Attend a penance service or go to confession and take advantage of the opportunity to cleanse your soul in preparation for the coming the Lord. The sacrament helps you let go of whatever guilt, doubts, sinfulness or stress you are carrying.

22. Pray for patience.

If you find yourself becoming anxious or upset, ask the Lord for the gift of patience. Then make a conscious effort to be a more patient person.

23. Offer up something painful or difficult in your life.

The best way to transform trials and tensions is to turn them into a prayer by saying, “Lord, I’m giving you this stressful situation with the hope that you will give me the courage, the strength and the peace to move through it.

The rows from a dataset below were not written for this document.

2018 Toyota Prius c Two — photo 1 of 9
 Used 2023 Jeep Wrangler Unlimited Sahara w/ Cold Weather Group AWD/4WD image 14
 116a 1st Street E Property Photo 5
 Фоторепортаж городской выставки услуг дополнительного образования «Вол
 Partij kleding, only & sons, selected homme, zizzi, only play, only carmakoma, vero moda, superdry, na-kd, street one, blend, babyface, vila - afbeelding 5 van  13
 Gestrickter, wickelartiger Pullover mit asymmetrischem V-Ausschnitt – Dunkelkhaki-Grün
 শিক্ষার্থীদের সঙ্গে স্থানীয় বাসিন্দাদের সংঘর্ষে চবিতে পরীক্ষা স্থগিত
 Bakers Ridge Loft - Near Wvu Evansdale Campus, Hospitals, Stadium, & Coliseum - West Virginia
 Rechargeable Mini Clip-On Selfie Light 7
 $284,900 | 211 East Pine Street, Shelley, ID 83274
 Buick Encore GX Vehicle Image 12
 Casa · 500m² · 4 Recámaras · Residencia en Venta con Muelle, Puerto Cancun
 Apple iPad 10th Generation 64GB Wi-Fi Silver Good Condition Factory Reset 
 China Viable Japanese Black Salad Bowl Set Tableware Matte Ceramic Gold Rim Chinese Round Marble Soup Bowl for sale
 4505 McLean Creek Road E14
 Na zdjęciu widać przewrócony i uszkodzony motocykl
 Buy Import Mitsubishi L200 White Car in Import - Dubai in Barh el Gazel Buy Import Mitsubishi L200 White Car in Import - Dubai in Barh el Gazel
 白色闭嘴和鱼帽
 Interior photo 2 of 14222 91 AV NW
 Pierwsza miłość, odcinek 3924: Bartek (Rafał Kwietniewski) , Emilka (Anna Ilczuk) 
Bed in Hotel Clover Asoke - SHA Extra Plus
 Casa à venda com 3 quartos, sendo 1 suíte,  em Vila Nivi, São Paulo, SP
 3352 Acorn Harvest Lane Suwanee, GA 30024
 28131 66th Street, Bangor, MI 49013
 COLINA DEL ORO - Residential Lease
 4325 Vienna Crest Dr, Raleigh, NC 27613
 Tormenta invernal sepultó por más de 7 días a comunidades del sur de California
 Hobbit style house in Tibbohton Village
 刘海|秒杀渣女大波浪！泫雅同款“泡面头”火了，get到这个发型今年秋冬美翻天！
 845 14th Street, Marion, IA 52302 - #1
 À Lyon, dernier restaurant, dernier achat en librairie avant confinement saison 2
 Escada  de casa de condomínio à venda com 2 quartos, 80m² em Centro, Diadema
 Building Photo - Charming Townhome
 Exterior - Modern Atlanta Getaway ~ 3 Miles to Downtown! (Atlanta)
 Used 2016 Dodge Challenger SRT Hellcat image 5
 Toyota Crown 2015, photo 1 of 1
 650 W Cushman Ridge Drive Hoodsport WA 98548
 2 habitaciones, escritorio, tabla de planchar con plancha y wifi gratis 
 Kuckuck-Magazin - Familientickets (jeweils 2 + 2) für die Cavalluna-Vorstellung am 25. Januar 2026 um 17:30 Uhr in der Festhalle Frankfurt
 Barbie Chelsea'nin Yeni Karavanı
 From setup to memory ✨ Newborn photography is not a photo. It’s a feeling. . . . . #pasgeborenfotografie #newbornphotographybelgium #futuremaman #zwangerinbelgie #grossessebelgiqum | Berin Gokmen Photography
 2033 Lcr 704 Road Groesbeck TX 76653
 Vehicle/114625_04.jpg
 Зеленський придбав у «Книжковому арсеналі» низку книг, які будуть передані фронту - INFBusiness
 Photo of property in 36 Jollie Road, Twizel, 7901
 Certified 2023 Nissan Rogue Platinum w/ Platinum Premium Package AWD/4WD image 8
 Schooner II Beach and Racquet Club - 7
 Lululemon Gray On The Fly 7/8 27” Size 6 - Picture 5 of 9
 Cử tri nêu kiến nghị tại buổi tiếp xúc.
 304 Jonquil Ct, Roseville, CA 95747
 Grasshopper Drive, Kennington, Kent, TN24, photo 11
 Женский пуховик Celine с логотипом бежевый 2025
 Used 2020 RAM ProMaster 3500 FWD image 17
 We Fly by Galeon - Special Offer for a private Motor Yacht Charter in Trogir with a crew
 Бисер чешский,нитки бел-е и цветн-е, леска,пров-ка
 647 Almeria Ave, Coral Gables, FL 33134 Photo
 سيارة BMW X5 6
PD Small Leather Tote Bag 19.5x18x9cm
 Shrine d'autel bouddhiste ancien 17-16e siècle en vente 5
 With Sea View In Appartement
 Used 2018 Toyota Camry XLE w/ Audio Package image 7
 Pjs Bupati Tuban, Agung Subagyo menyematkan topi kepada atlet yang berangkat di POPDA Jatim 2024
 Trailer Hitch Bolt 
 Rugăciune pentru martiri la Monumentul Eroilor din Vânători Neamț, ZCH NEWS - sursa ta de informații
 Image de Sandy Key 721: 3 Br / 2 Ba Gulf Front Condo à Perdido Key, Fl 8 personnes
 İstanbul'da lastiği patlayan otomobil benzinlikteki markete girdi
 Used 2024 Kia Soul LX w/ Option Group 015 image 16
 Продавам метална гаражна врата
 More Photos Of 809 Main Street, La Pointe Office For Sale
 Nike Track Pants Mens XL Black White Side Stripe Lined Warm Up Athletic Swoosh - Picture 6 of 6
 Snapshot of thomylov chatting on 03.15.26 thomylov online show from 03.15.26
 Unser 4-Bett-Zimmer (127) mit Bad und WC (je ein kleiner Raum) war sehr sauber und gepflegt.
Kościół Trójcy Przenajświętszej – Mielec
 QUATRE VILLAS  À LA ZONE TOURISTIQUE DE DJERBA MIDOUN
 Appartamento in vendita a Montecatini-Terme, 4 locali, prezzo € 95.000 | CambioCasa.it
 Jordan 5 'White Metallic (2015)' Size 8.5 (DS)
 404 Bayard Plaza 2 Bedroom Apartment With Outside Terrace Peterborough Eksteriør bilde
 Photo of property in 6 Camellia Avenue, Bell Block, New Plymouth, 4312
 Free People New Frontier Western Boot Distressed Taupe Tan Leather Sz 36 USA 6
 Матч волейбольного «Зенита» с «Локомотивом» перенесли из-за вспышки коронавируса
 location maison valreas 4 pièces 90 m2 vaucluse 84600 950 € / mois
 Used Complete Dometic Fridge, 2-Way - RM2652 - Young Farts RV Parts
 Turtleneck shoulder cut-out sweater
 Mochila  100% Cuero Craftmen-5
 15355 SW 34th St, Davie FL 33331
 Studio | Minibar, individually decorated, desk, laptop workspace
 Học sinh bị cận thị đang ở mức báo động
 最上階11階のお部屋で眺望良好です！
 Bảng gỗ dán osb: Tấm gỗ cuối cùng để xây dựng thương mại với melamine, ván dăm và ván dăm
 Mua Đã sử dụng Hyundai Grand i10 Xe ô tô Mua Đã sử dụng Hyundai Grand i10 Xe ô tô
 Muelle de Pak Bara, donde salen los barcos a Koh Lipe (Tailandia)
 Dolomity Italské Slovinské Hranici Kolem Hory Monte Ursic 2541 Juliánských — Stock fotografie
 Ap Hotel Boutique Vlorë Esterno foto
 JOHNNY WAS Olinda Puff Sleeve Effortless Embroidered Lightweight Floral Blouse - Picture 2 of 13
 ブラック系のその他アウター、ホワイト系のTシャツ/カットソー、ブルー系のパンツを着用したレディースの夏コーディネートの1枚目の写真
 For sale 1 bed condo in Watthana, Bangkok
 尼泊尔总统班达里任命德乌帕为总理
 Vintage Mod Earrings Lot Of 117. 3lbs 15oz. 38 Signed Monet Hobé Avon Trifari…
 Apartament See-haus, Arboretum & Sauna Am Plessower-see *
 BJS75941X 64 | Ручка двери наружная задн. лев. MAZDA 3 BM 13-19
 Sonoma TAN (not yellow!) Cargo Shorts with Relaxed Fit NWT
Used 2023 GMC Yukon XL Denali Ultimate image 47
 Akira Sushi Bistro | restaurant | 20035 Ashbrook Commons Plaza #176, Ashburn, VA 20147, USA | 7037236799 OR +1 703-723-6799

24. Listen to Christmas music.

Fill the house with the sounds of the season. Select traditional carols that celebrate the true meaning of Christmas.

25. Take a prayer nap.

A prayer nap is a lot like a cat nap. The difference is that you imagine that you are resting in the arms of the Lord. Just find a quiet place and take 10 or 15 minute prayer nap. You’ll notice the difference right away!

26. Meditate on the nativity scene.

Imagine yourself in the crèche with Jesus and Mary. Picture yourself holding the Christ Child.

27. Laugh.

Look for the humor in things that happen. Even if you have to fake it, make yourself laugh. Studies show that laughter reduces stress hormones and elevates your mood.

28. Pray.

Set aside 10 minutes a day for quiet prayer. As you move through Advent you will begin to relish these quiet moments that will restore your spirit.

29. Start an Advent journal.

Imagine that you are writing a letter to God. Record the ways you experienced God during the day, and jot down the names of people who need prayers.

30. Thank God for all the good things.

Cultivate an attitude of gratitude. Be thankful for all the good things that God has given you!